Nebraska’s front seven in 2014 looks to be potentially elite . . . but not very deep, which could pose a problem against offenses similarly devoted to the run. Vincent Valentine, Maliek Collins, and Aaron Curry return (along with the aforementioned Gregory), but behind them there isn’t much. At linebacker, David Santos and Zaire Anderson both return, leading a unit that has had rotten luck in recent years (case in point: Michael Rose is already out for the season with a knee injury).
At secondary, Corey Cooper returns to lead a strong unit. The post-spring transfer of Harvey Jackson to BYU will sting, and Ciante Evans and Stanley Jean-Baptiste will be missed (have fun in the NFL!), but Josh Mitchell and Nathan Gerry are more than capable of picking up the slack.
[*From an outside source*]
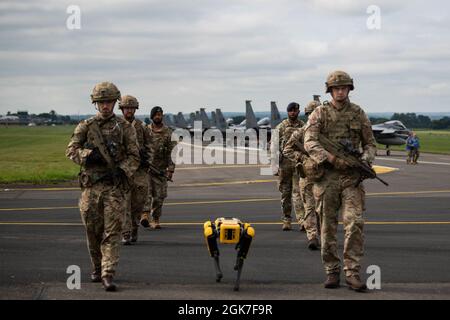 Les membres des forces de sécurité de la 48e Escadre de chasseurs et les troupes de la RAF Leeming effectuent une patrouille conjointe avec leur nouveau robot Boston Dynamics Spot sur la ligne aérienne pendant Agile Liberty 21-2, le 25 août 2021. La 48e aile Fighter mène régulièrement des exercices conjoints avec les forces britanniques afin de démontrer et d'améliorer notre interopérabilité et nos capacités Agile combat Employment, qui incluent l'utilisation de nouvelles technologies pour accroître leur efficacité. Banque D'Images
With any help from the front four, they’ll be just fine. Pelini has a habit of calling the occasional safety or corner blitz so watch for these guys in both backfields.
NEBRASKA SPECIAL TEAMS
2013 was possibly the ugliest special teams unit I’ve ever seen the Huskers field. Pat Smith is gone, and even though Mauro Bondi can kick a touchback with ease, he can’t hit the short stuff (see his missed PAT in the spring game). Incoming freshman Drew Brown will almost certainly be handling the placekicking duties.
And about that punting unit. Dear lord. Can Nebraska please put someone back on punts who can at least catch the ball cleanly and maybe, heaven forbid, run forward? Jordan Westerkamp cannot be the best option we have (for how solid his hands are catching passes, he’s shaky as heck fielding punts). Kenny Bell has stated this fall that he wants the punt return duties and I sure hope he earns them. Nebraska could use someone with his speed and shiftiness.
Bad news for a fanbase hoping to notch fewer than four losses: you play Michigan State, Wisconsin, and Iowa all on the road. Factor in trips to salty Fresno State and a Northwestern school that NU has needed nothing short of magic to beat twice, and you’ve got a vicious road slate. At home, NU fans have circled that September 20 matchup with onetime regular Orange Bowl date Miami, but beyond that, the schedule is pretty unexciting: Florida Atlantic, McNeese State, Illinois, Purdue, Rutgers, and Minnesota come to Lincoln. The Huskers had darn well better go undefeated at home in 2014, because the road slate is vicious.
But as usual, the question going into the fall is whether these Huskers can step up and play like the team we know they could be. Each year under Pelini the Huskers have lost a game they had no business losing, and a matchup against an even-or-better opponent usually results in a loss (oftentimes of the “blowout” variety). But heck, Pelini survived the 2010 and 2012 season-ending meltdowns, plus 2013’s leaked audio scandal, swinging a hat at a referee, cursing in a postgame press conference, and the whole “if they want to fire me, go ahead” thing . . . if Nebraska hasn’t fired him yet, I’m not sure what it’ll take.